__Try it__: Would you restate the entries below word for word, leaving out the images?

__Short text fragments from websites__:
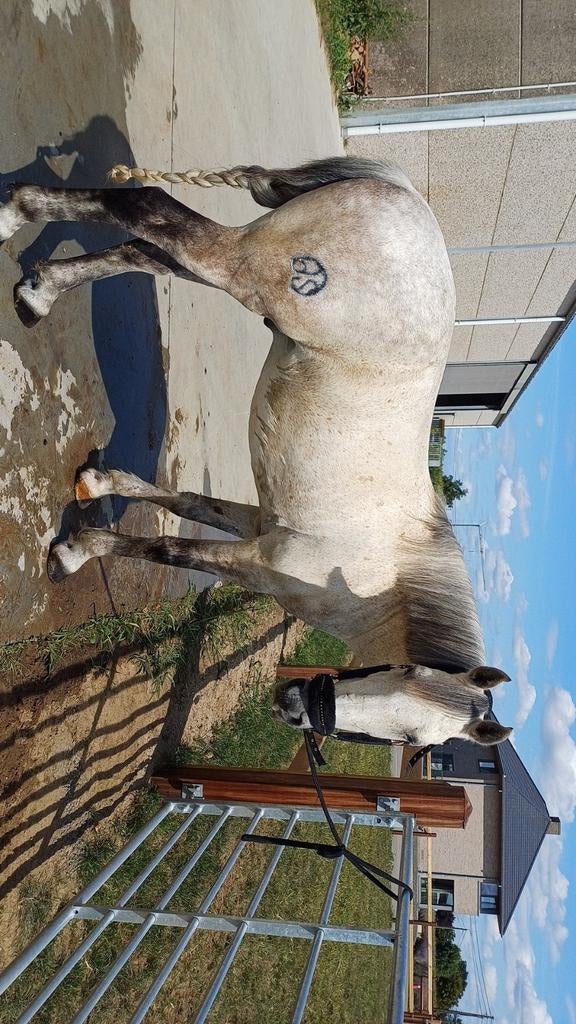 D-pony te koop, Dieren en Toebehoren, Januari, Mannelijk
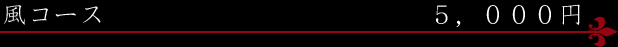 ���R�[�X�@5,000�~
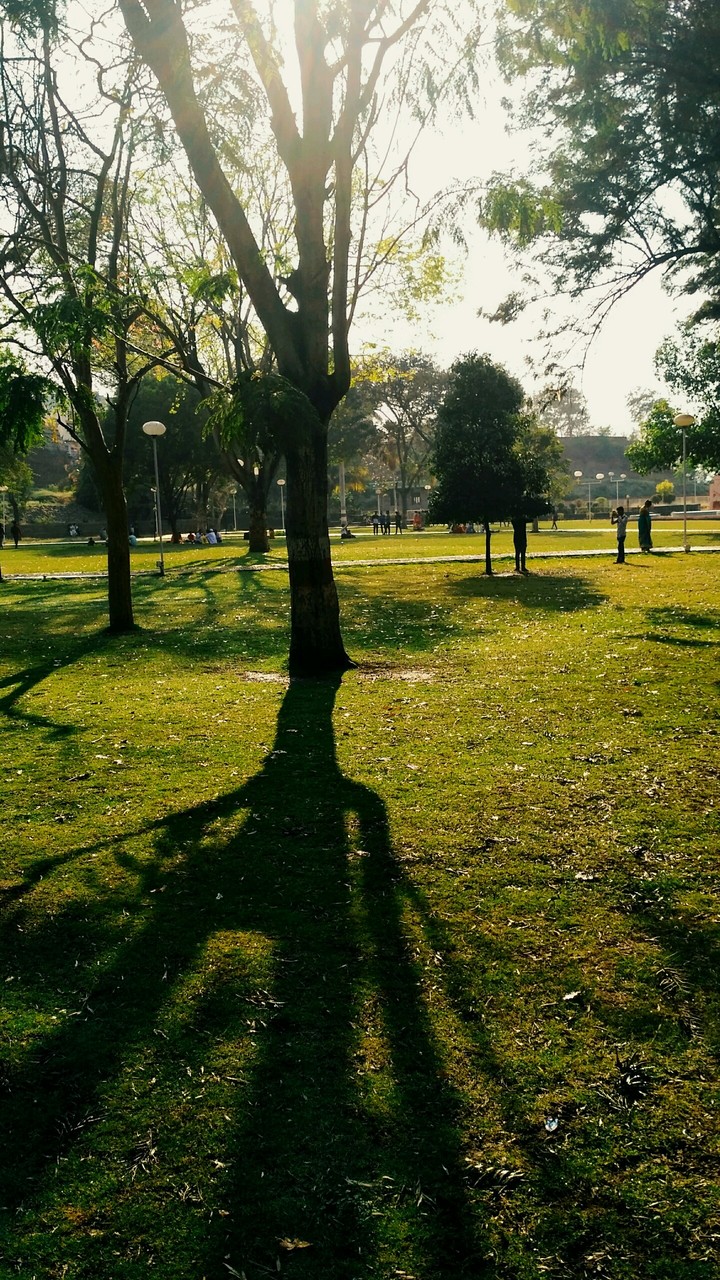 sunshine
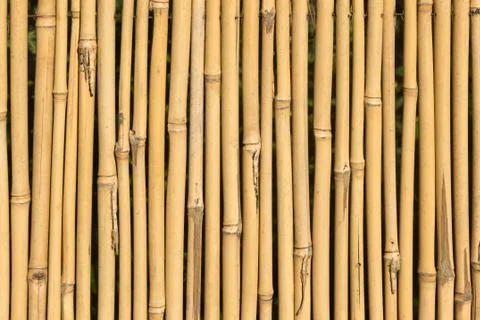 Bamboo cane texture Stock Photos
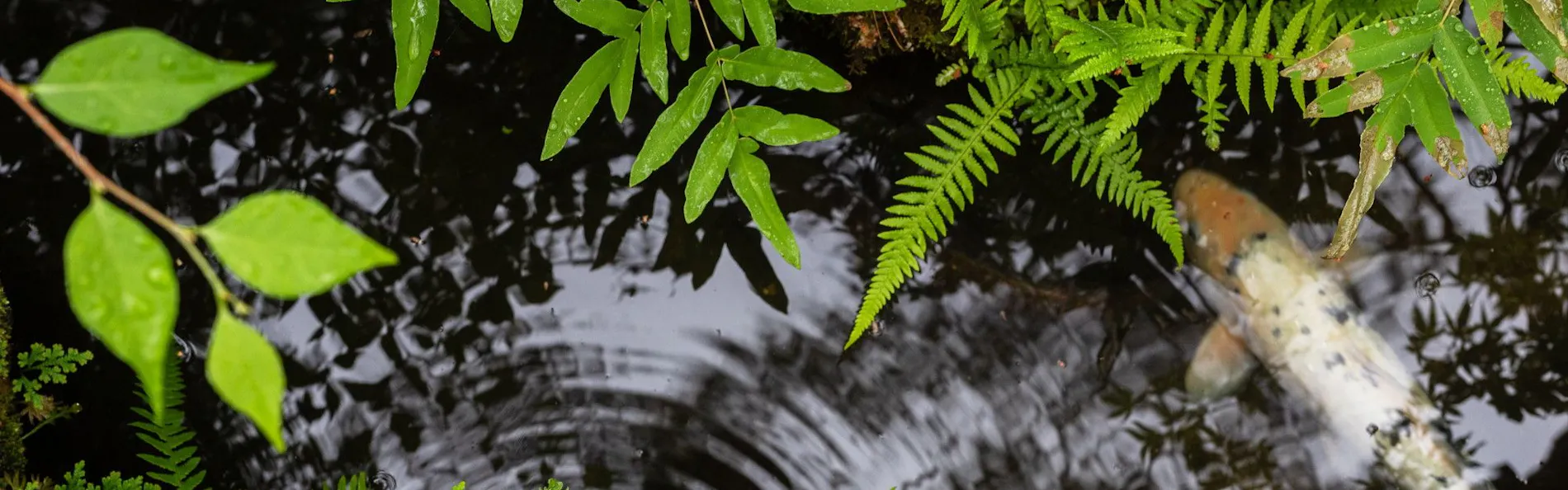 南禅寺参道 菊水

__Completed exercise__:
 D-pony te koop, Dieren en Toebehoren, Januari, Mannelijk
 ���R�[�X�@5,000�~
 sunshine
 Bamboo cane texture Stock Photos
 南禅寺参道 菊水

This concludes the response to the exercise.